**GIVEN MATERIAL:**
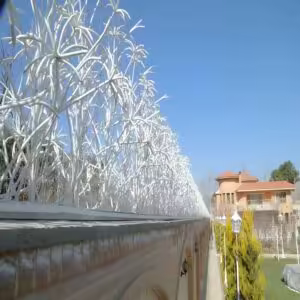 حفاظ نخل مرداب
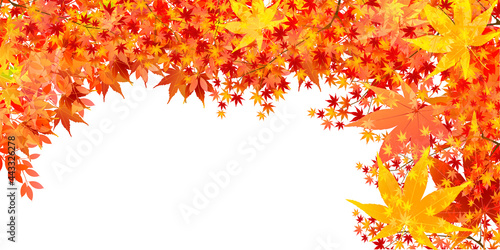 紅葉　もみじ　秋　背景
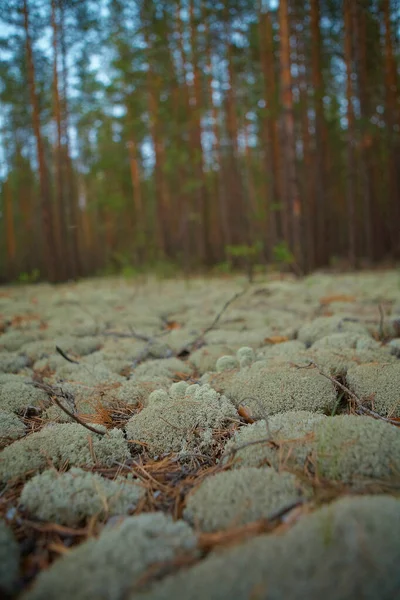 Ormanda yosun ile kaplanmış.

**WHAT YOU SHOULD DO:** With the pictures excluded, restate the material exactly as it stands.

**TASK RESPONSE:**
 حفاظ نخل مرداب
 紅葉　もみじ　秋　背景
 Ormanda yosun ile kaplanmış.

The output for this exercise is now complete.